Daimler Truck itself is preparing customer trials of its liquid-hydrogen-powered NextGenH2 fuel-cell truck, which is designed for ranges of more than 1,000 kilometers.

Hydrogen is not dead

That contrast illustrates the increasingly nuanced reality of hydrogen in road transport. Hydrogen is not dead, but neither is it becoming the universal answer once promised by some industry forecasts.

The market remains overwhelmingly diesel-led. Of the 307,460 medium- and heavy-duty trucks registered in the EU in 2025, 93.2% were diesel. Electrically chargeable trucks accounted for 12,857 units, or 4.2% of registrations, although that share nearly doubled from 2.3% a year earlier.

Belgium broadly reflects that early-stage transition. Of the 9,033 trucks above 3.5 tonnes registered in the country in 2025, 325 were electrically chargeable, representing 3.6% of the market.

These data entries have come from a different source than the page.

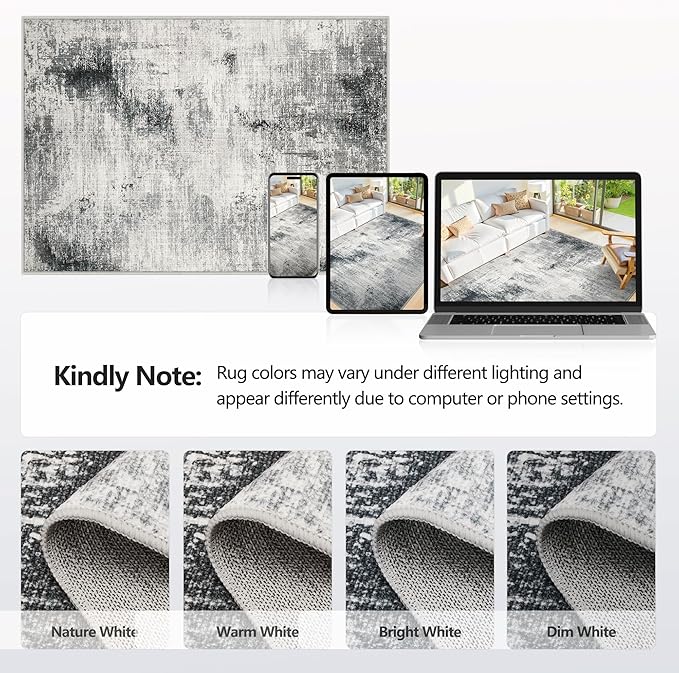 Area Rugs 9x12 Living Room - Modern Abstract Large Rugs for Living Room Non-Slip Low Pile Soft Machine Washable Carpet for Bedroom, Under Dining Table, Nursery, Farmhouse (9'x12' Dark Grey)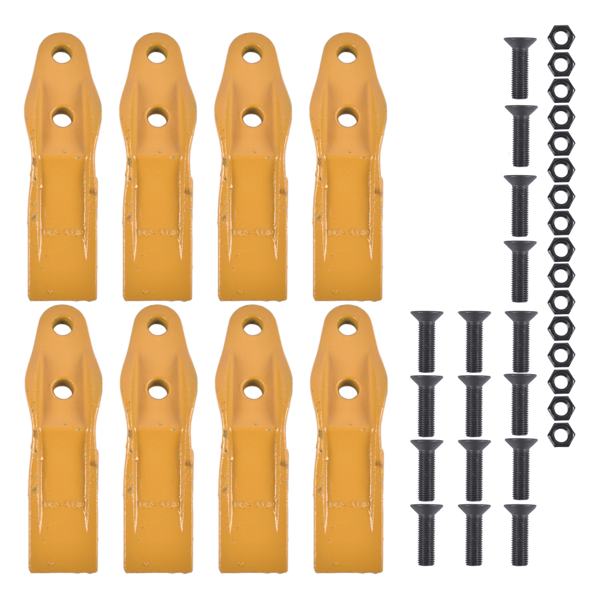 斗齿 8 Pack Bucket Uni-Teeth with Hardware 1324720 Fit for Caterpillar Skid Steers 247 257-7
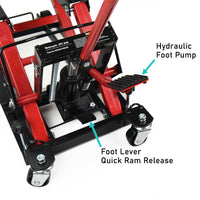 Motorcycle &amp; ATV Quad Bike Lifter Jack 680Kg -1500lbs (Including 2xTie Downs)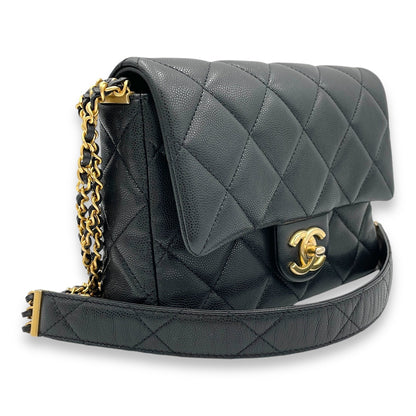 Square Quilt Black Crossbody Bag in Caviar Leather, Gold hardware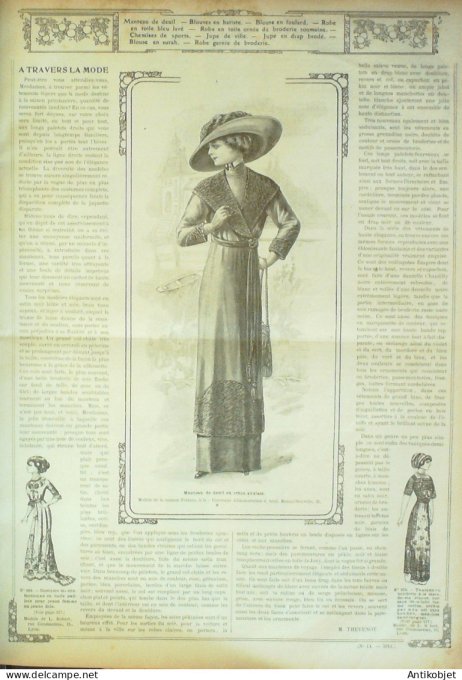 La Mode illustrée journal 1911 n° 14 Toilettes Costumes Passementerie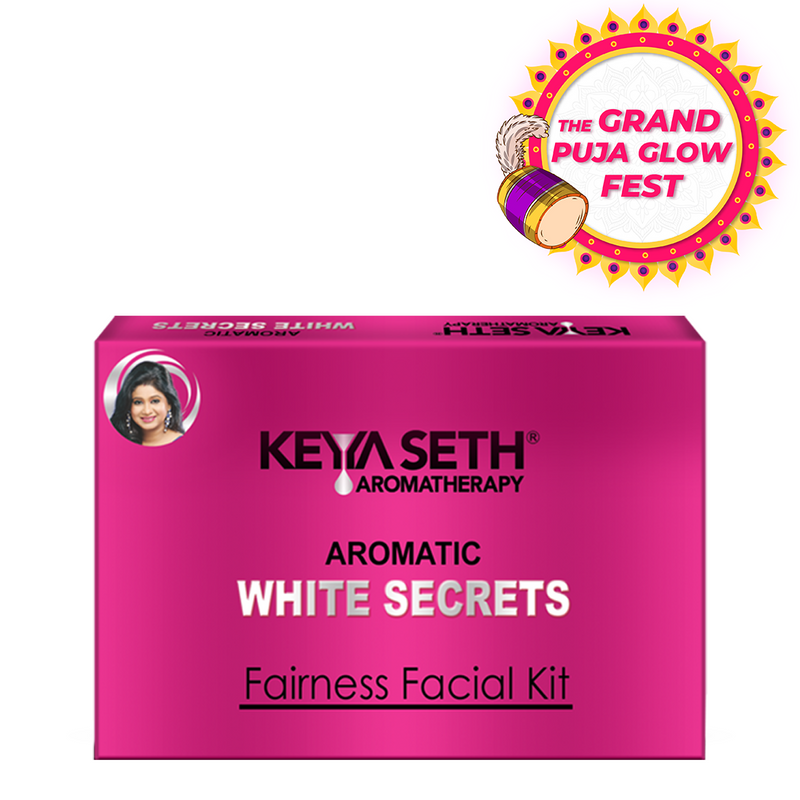 Aromatic White Secrets (Fairness Facial Kit) with Pure Essential oils & Fresh Green Herbs -Instant White, Bright, Shine & Youthful Glow Skin - Keya Seth Aromatherapy
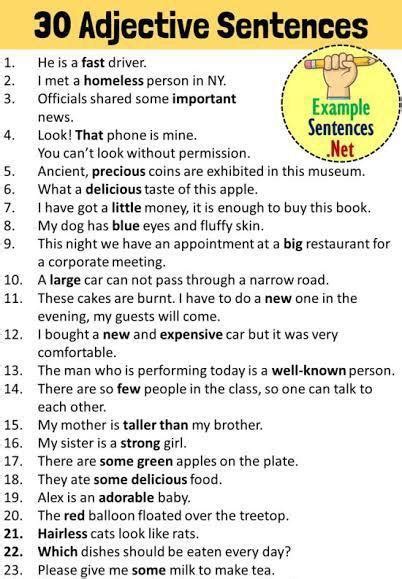 give 30 examples of adjective plz it's arjent - Brainly.in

In the heavy-truck segment above 16 tonnes, the relevant battleground for long-haul freight, there were 191 electrically chargeable registrations out of 7,670, or just under 2.5%.

Hydrogen remains more marginal still. The latest Europe-wide fuel-cell dataset, covering 2024, records no registered N2/N3 fuel-cell trucks in Belgium. Hydrogen combustion is newer again, with the first European models only reaching the market in 2025.

Battery-electric to dominate

Battery-electric trucks are nevertheless expected to dominate most zero-emission heavy-duty sales this decade, particularly on routes where depot charging, public charging or predictable daily distances make them practical.

The European Commission expects 410,000 to 600,000 zero-emission heavy-duty vehicles on Europe’s roads by 2030, with up to 90% of them battery-electric.

By the end of 2024, more than 100 battery-electric truck models were available in series or small-series production, compared with 20 fuel-cell models in small series.

Hydrogen remains relevant where batteries face operational limits, but its economics are difficult. Hydrogen combustion trucks are less energy-efficient than battery-electric vehicles and generally consume around 20% to 30% more hydrogen than a comparable fuel-cell truck for the same work.

Their business case therefore depends on cheap low-carbon hydrogen and dependable refuelling infrastructure. Belgium’s three newly announced heavy-duty hydrogen stations, due by the end of 2027 with a combined capacity of more than seven tonnes per day, underline both the progress being made and how limited the dedicated network still is.